Pictures with short captions:
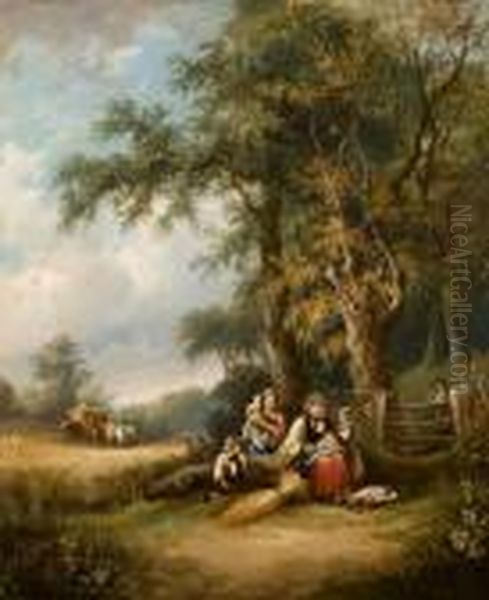 Labouring Family In A Pastoral Landscape Oil Painting by Snr William Shayer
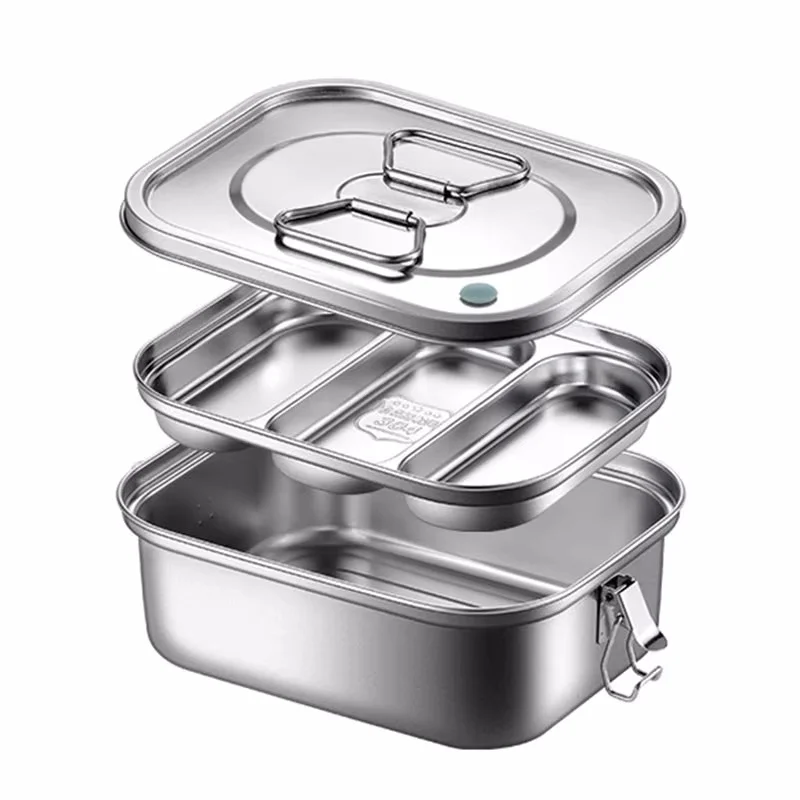 

For 304 Stainless Steel Lunch Bento Box,for Kids Adults Portable Double Layer Sealed Bento Box,Insulation Food Storage Picnic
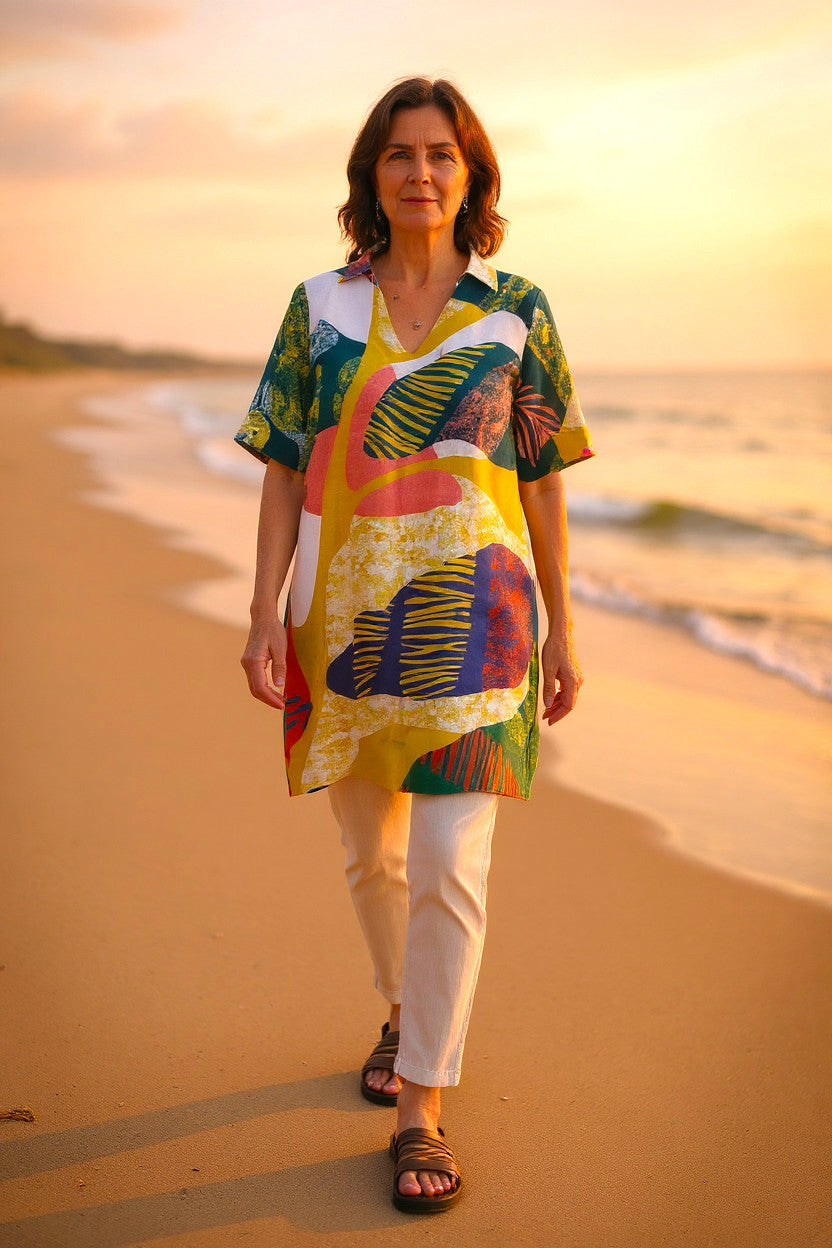 IVKO - V-hals jurk/tuniek - maximalist tropics pattern - Yellow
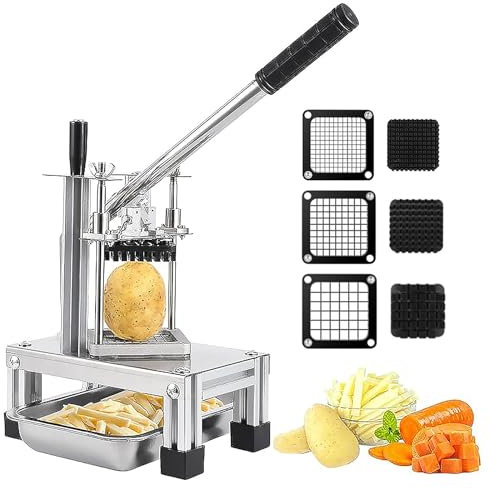 Kommersiell Grönsakshackare, Pommes Frites I Rostfritt Stål Manuell Potatisskärare 6-klyftare Och Citronpotatisskärare For Pommes Frites Med Förlängt Handtag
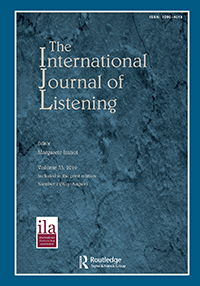 Cover image for International Journal of Listening, Volume 33, Issue 2, 2019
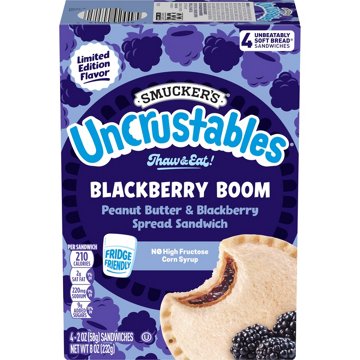 Smuckers Uncrustables Blackberry Boom Frozen Sandwiches, 4 ct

» **REQUIREMENT**:
Please repeat the lines above from the line containing "Kommersiell Grönsakshackare, Pommes" through the final line, both included, exactly as they stand and without pictures.

» **WRITTEN ANSWER**:
 Kommersiell Grönsakshackare, Pommes Frites I Rostfritt Stål Manuell Potatisskärare 6-klyftare Och Citronpotatisskärare For Pommes Frites Med Förlängt Handtag
 Cover image for International Journal of Listening, Volume 33, Issue 2, 2019
 Smuckers Uncrustables Blackberry Boom Frozen Sandwiches, 4 ct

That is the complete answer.